Sirup Marjan Sajikan Purbasari dan Lutung Kasarung
Iklan yang ditayangkan di berbagai televisi nasional mengandung dampak besar terhadap kebiasaan sehari-hari, bahkan mampu mem-brainwash orang yang menontonnya.
Dari Jurnal Komunikasi, Vol. 2, No. 1, Oktober 2007, berjudul "Membaca Iklan Televisi: Sebuah Perspektif Semiotika," menjelaskan bahwa ada sebuah penelitian yang dilakukan oleh Bovee dan Arens di AS hingga tahun 1984, menyebutkan adanya beberapa kekuatan televisi.
Kekuatan tersebut meliputi; Mass coverage and low cost, viewer emphaty, selectivity, deep impact, creativity, prestige, dan social dominance. Upaya ini dilakukan juga melalui; the picture must tell the story, key visual, be single minded, register the name, reflect the personality, dan avoid talky commercial.
Sirup Marjan
Dalam momentum bulan Ramadan, iklan sirup marjan selalu menjadi simbol kedatangan bulan Ramadan. Apabila sudah mulai muncul iklan marjan, menandakan bahwa bulan suci Ramadan akan segera tiba. Dan itu sudah menjadi rahasia umum.

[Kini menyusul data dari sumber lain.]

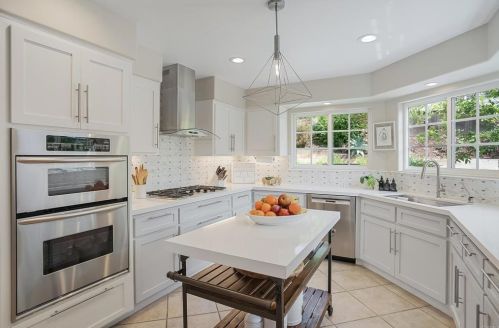 1933 Freda Ln, Cardiff By The Sea, CA 92007-1416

Hal ini terjadi karena rata-rata setiap keluarga menghidupkan pesawat televisinya lebih dari 20 jam perhari. Dengan demikian, jangkauan televisi (media accessibility) sebagai dampaknya begitu besar.
Maka tidak heran, pengulangan yang dilakukan oleh iklan sirup marjan setiap kedatangan bulan Ramadan menjadi simbolis menarik. Bahkan bulan Ramadan selalu dilebelkan dengan sirup marjan.

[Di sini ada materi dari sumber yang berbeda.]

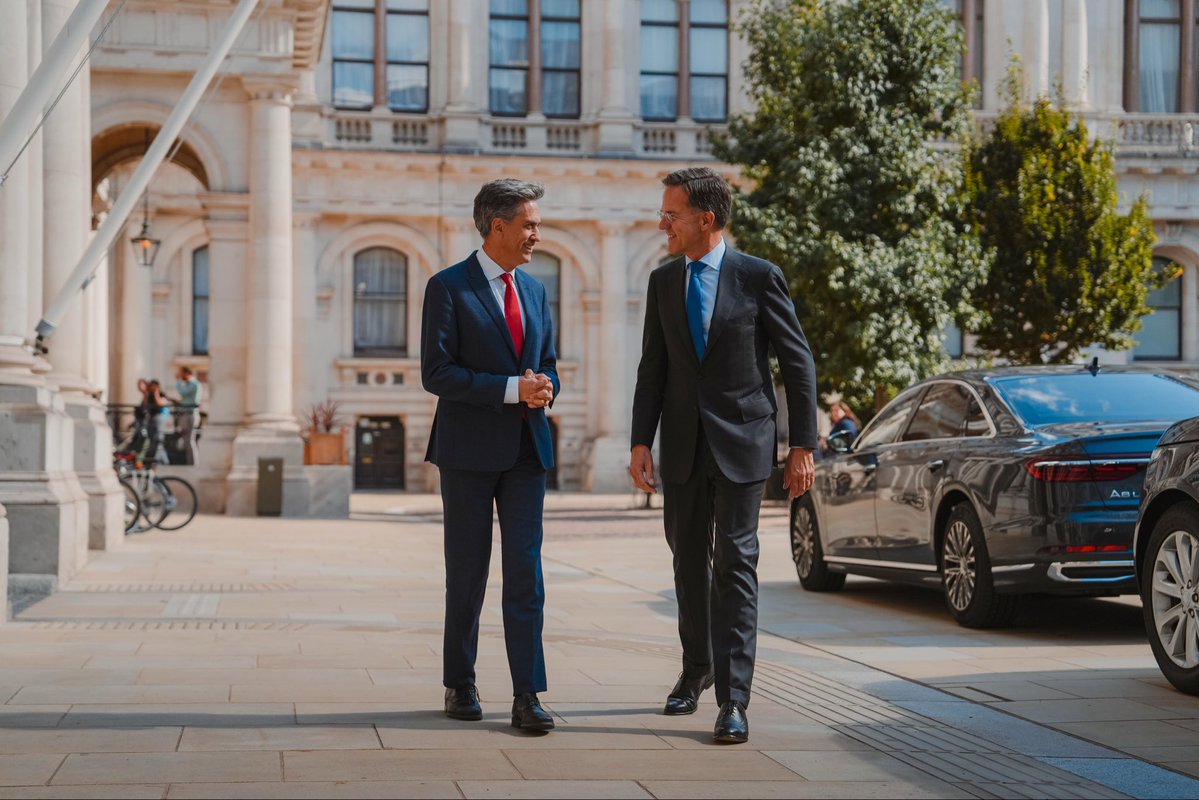 Ed_Miliband's tweet photo. Whether backing Ukraine, defending the Arctic or tackling hybrid threats, the UK is at the helm of a stronger, more European NATO.
 
Meeting @SecGenNATO yesterday, I underlined how NATO remains the cornerstone of our security and how we will work with Allies to make us safer at home.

Iklan terbaru sirup marjan 2020 kali ini, menggambarkan Purbasari dan Lutung Kasarung. Dalam dunia televisi (television literacy), kita perlu mengetahui bahwa produsen iklan televisi selalu memanfaatkan sifat audio visual seperti special sound dan motion picture effect.

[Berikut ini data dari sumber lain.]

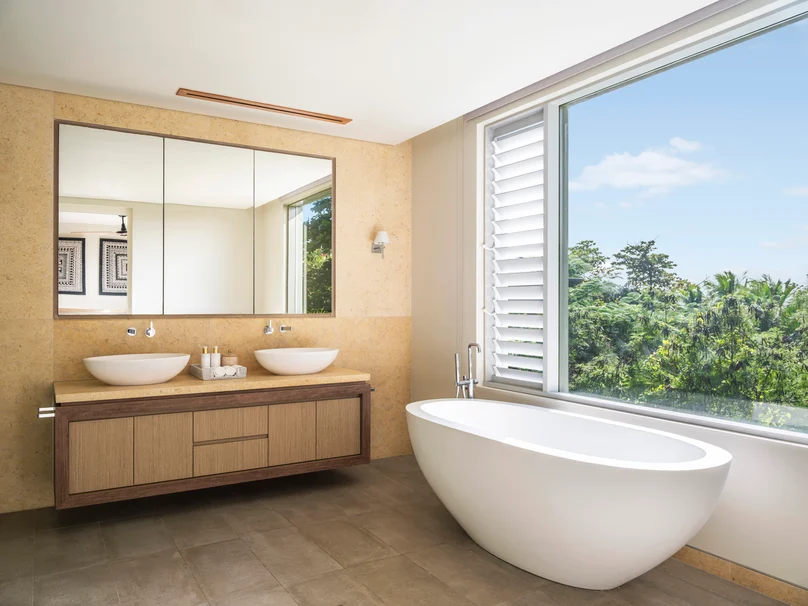 Kokomo Accomodation Residences Bathroom (1)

Hal ini, juga dilakukan dalam penanyangan iklan sirup marjan yang dikemas dengan visual dan kisah menarik. Contohnya, bagaimana tiba-tiba Purbasari dan Lutung Kasarung mendapat kutukan lalu memiliki kekuatan, hingga ketulusan hati mereka dapat mengalahkan sihir jahat.
Dari contoh di atas menunjukkan kemampuan televisi yang digabungkan dengan kreatifitas tertentu akan menghasilkan realitas kamera. Menurut teori Gerbner, ini akan dianggap sebagai realitas empiris yang benar-benar terjadi atau bisa dilakukan.
Akhirnya berdampak, yaitu masyarakat akan semakin konsumtif karena rising of expectation (meningkatkan harapan), kemungkinan juga akan menyebabkan meningkatnya rasa frustrasi (rising of frustration) karena secara ekonomi ataupun sosial tidak mempu memenuhi harapan.